Carlita, (2011) – Kyle and Kelly Phelps portray the plight of undocumented workers in the United States. The Phelps bestow special attention upon female workers who clean our homes, harvest and prepare our food, make our clothing amongst other monotonous often invisible tasks.

Identical twin brothers Kyle and Kelly Phelps were born and raised in Newcastle, Indiana, a working class factory town. Their father and a sister were factory workers their entire professional life, as were the majority of the other town residents. The workplaces included Chrysler, Ward Warner Gear and the Firestone factories. The Phelps brothers received graduate degrees in fine art from the University of Kentucky in Lexington and later became college art professors in Ohio.

“We’ve had a shared story and experience for ever,” they say. “Our relation is everywhere in our life, we studied, did chores at home, worked… always together. We support each other, contaminate each other’s ideas and work; it ceases to be a one person’s authorship.”

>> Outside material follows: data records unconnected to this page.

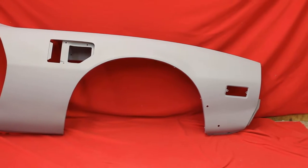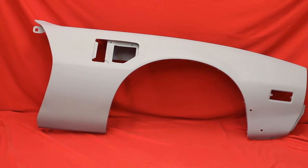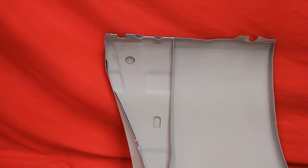This is an original 76 Trans Am Firebird passenger fender. We've had the back brace out of this fender, like we do all of them.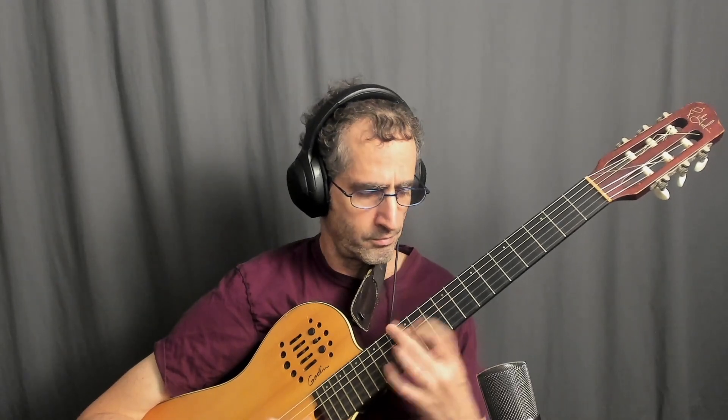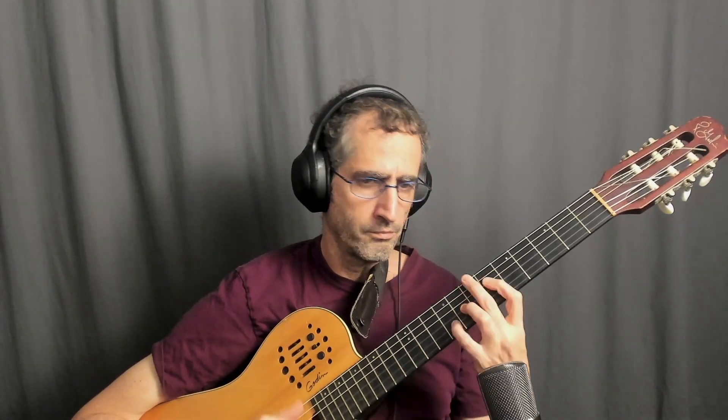Another neat variation of this trick is modulating to a minor. So instead of G7 to C, I'll be resolving to C minor. That's G7 again, just like the previous example, but instead of resolving to C major, all I'm doing is lowering the E to Eb. And I'm getting the minor version of this.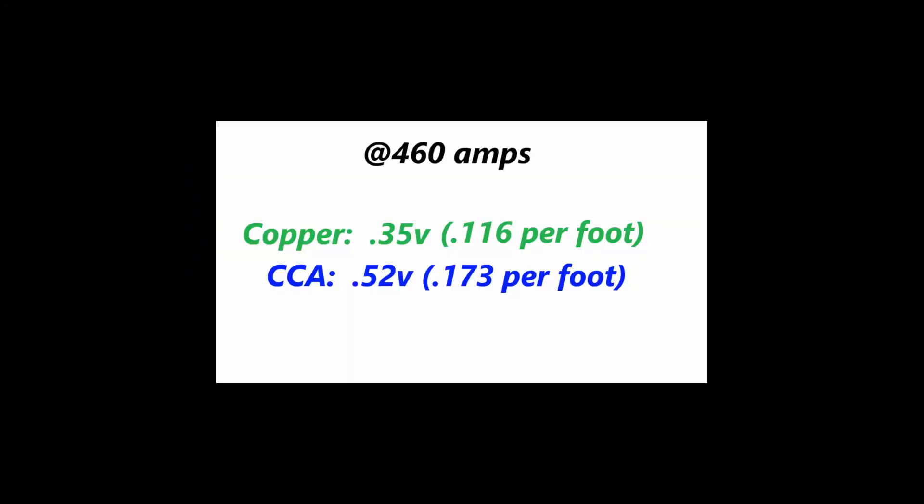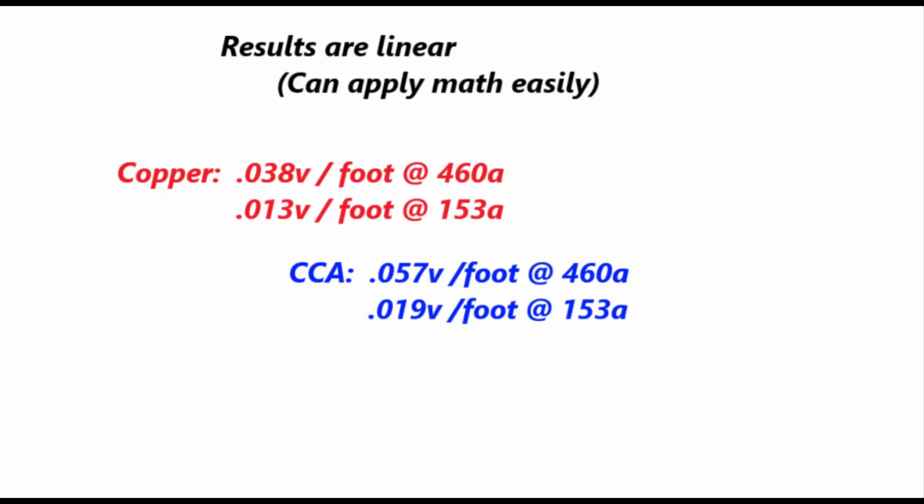Let's talk about these results and what they mean. At about 460 amps, we saw 0.35 and 0.52 volts of drop respectively. One nice thing is that it is linear, meaning we can apply the math simply. We can divide by three to find per-foot values: about 0.038 volts per foot on the copper and about 0.057 volts per foot on the copper clad aluminum. We can also reduce the current by dividing by three — at 153 amps, you see 0.013 and 0.019 volts per foot respectively. Overall, it's approximately 1.5 times greater voltage drop with the copper clad aluminum than with the copper.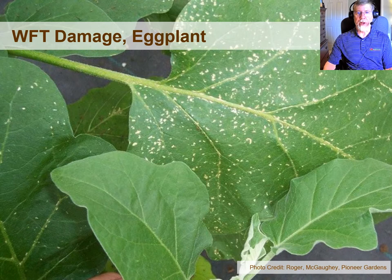Here's a picture of western flower thrips damage. A lot of times we don't think about it being a real issue on vegetable transplants because we generally ship them out before they're in bloom, but you can see the significant scarring that took place on these eggplants from western flower thrips feeding.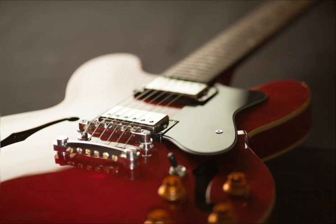Rhythm guitar. As the name implies, it is used to perform rhythm parts, often together with the rhythm section. The sound is thicker and richer, especially in the lower range.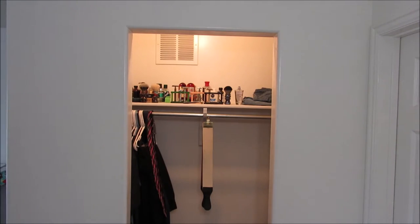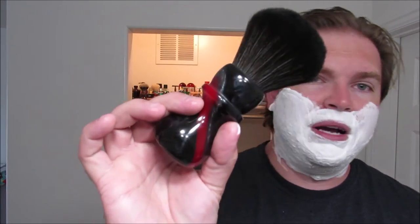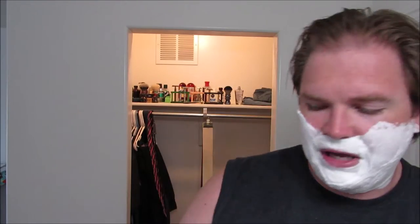I have this as my other big brush, and this is a handle I made, but the knot is from a Razorok F400 — big ol' 30-something, I want to say 34 or 36 millimeter. Do you guys remember the Razorok F400? I want to say 36, but I don't know if that's correct.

An integral aspect of their work is that, based on first-hand experience working in factories, they adapt actual factory processes into the creation of their work. Common themes include race and the deterioration of industry. Their assemblages utilize elements of clay, metal, fiberglass, wood, and found objects retrieved directly from factory sites: scorched and corrugated sheet metal, wooden pallets, tools, etc. The tableaus are not idealized or romanticized. The figures are often slumped over their days work, weary from their labor. The Phelps state,  “We consider ourselves activists. As educators we teach, inform, and shape minds…. We want people to know the everyday struggles of common men and women. We feel obliged to share what we know.”